── Supplied entries ──
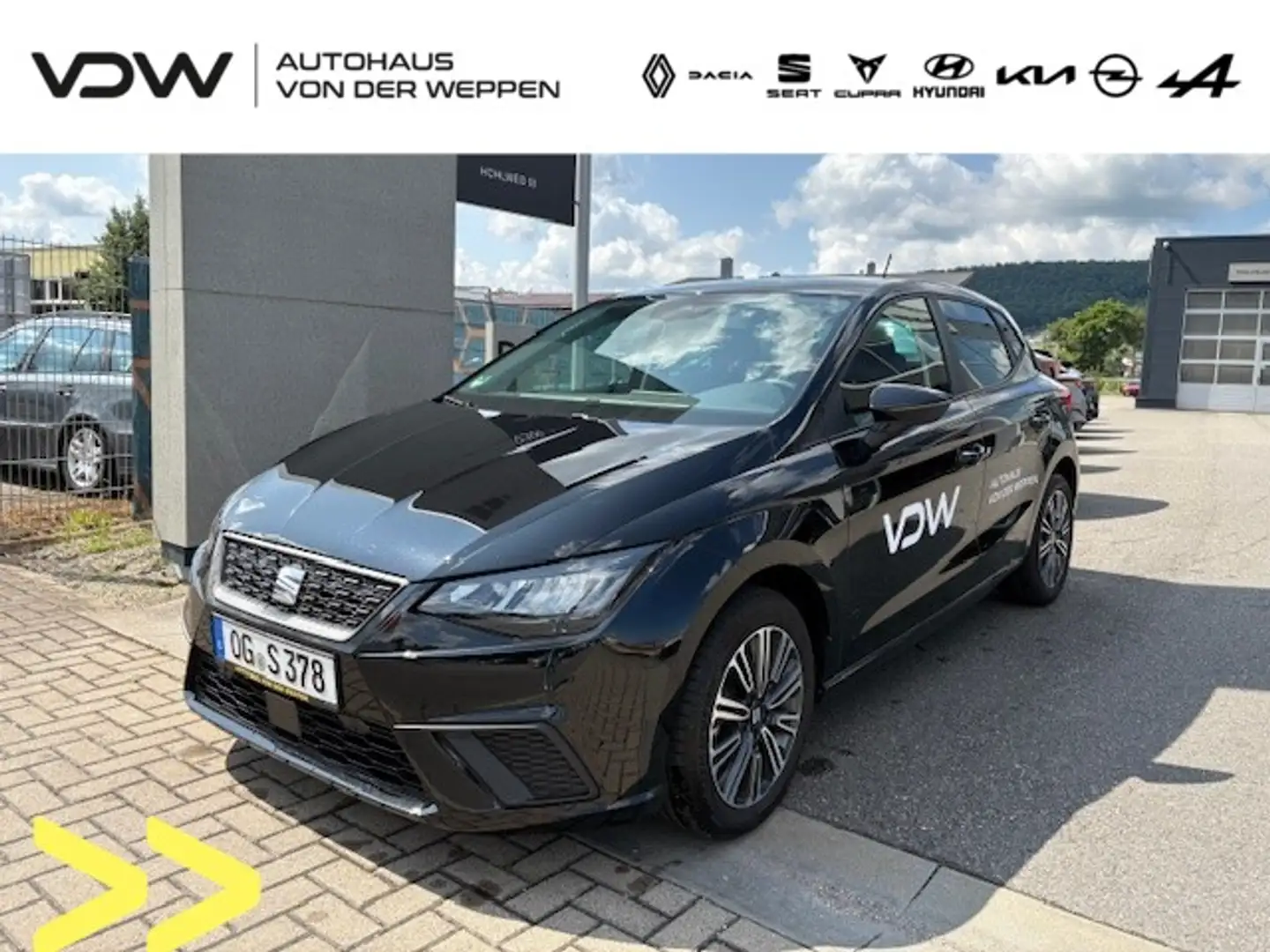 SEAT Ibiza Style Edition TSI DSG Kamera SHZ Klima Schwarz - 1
───
── Supplied entries ──
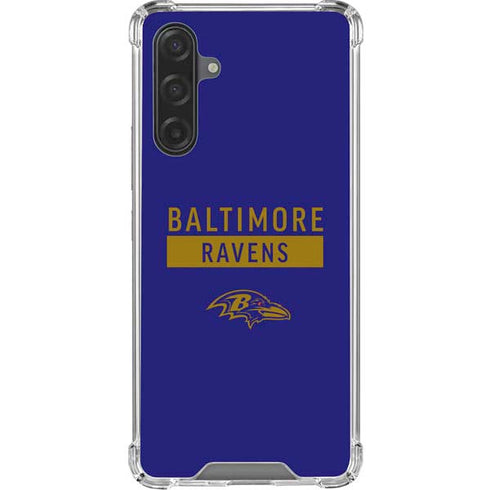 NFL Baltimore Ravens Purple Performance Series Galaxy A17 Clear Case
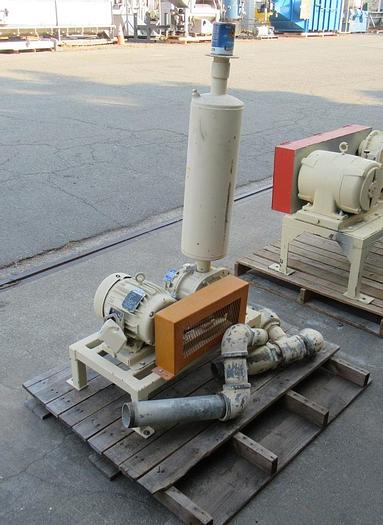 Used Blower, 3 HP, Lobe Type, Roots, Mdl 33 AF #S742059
───
Starting at the line with "NFL Baltimore Ravens" and finishing at the line with "Used Blower, 3", copy the material above exactly, both lines included. Nothing else goes in, and no pictures.

 NFL Baltimore Ravens Purple Performance Series Galaxy A17 Clear Case
 Used Blower, 3 HP, Lobe Type, Roots, Mdl 33 AF #S742059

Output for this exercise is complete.